7月23日(火)、専門学校ミュージシャンズ・インスティテュート東京(MI TOKYO)にて、カナダのギタリスト:ニック・ジョンストンのギター・クリニックが開催された。在校生や入学希望者を対象に限定しており、会場にはギタリストを中心とした若手の参加者が詰めかけ、盛況となった。その様子を特別に見せてもらうことができたので、レポートをお届けしよう。
自然体かつ巧みなデモ演奏と丁寧なアドヴァイス
セミナーはニックが自身のソロ曲をオケに合わせたデモ演奏とQ&Aコーナーを交互に挟む形で進行していくのだが、ニックは開口一番「初めの質問はみんな緊張するだろうから、真っ先に手を挙げた人には僕が今使ったばかりのピックをプレゼントするよ!」と、気遣いを交えた声をかけて参加者の緊張をほぐしてくれた。
まずは今年発売された最新ソロ『CHILD OF BLISS』からタイトル・トラックの「Child Of Bliss」、続いて前作『WIDE EYES IN THE DARK』(2019年)から「A Cure Promised」が披露された。キャッチーな要素の多かった初期作品に比べ、より深淵さを増した楽曲の中でフレーズやメロディーを巧みに操るニックは、実に自然体。ギターのあらゆる箇所を使って繰り出されるニュアンス豊かな音色やパフォーマンスには、思わずため息が漏れる。

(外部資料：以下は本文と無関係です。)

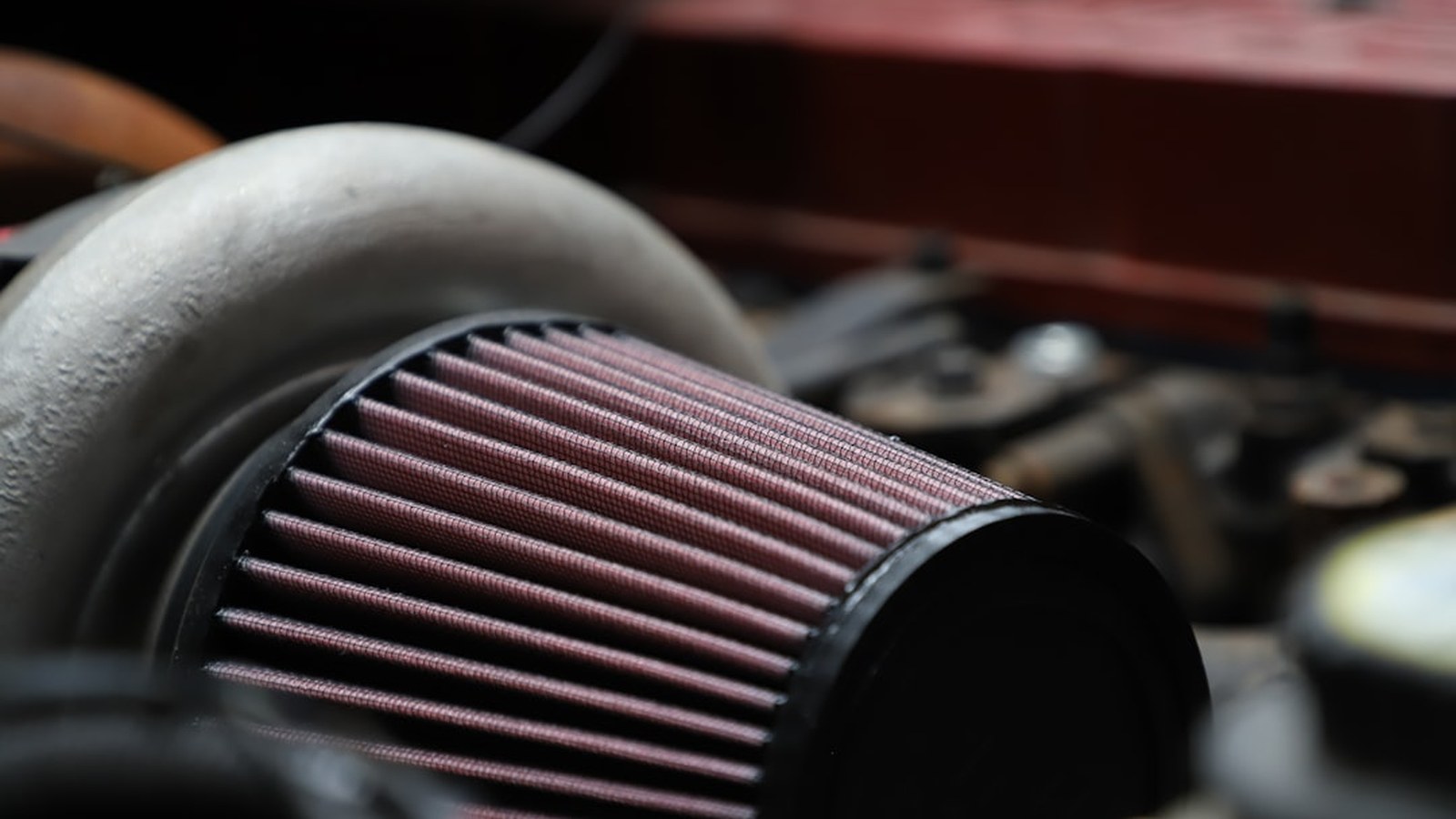 Close-up of a vehicle air filter, the high-payoff component to inspect after dusty or muddy off-road runs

Q&Aコーナーでは興味深い質問が次々と寄せられた。「あなたは全然緊張しているように見えませんが、自分がステージに上がると緊張してしまうのを克服するにはどうしたらいいですか?」という問いかけには「長年練習を続けたことで自信がついたんだ。それと“楽しむ”ことをゴールにすること」と回答。「あなたの楽曲はノスタルジーを感じさせるところがありますが、コード進行をどんな風に作っているのですか?」という質問には、「レッド・ツェッペリンを聴いていた子供の頃から、自然と“間違った音”…あとからそれはテンション音のことだとわかったけど、そういったものを足す響きの方が面白いと感じる気持ちが自然とあった」などと一つ一つに丁寧に答え、時には自らの体験も赤裸々に明かしながらアドヴァイスと激励を送っていた。
また、集まった在校生の大半にはアジアやヨーロッパを含む留学生が多く参加しており、会場では日本語と英語がひっきりなしに飛び交っていたのも印象的で、言語や音楽という2つのコミュニケーションを通して多くの学びを得ようとする生徒たちの姿勢を垣間見ることができた。
他にも「Remarkably Human」(2016年『REMARKABLY HUMAN』収録)や「Wide Eyes In The Dark」など計4曲のデモを演奏し、90分に及ぶセミナーは瞬く間に終了した。サイン会では列に並んだ参加者一人一人とじっくり言葉を交わし、名残惜しそうに会場を後にしたニック。若い世代に大きなインスピレーションを与えたイベントとなったようだ。
使用機材
この日ニックが使用していたのは、シェクター製のシグネチュア・モデル“Nick Johnston USA Signature Flame Top Nitro”。セミナー中も「ウェンジのネックにエボニー指板、これがとってもお気に入りなんだ」と絶賛していた。アンプは持参のNeural DSP“Quad Cortex”を、会場にセッティングされたボグナー“Helios Eclipse”に接続していた。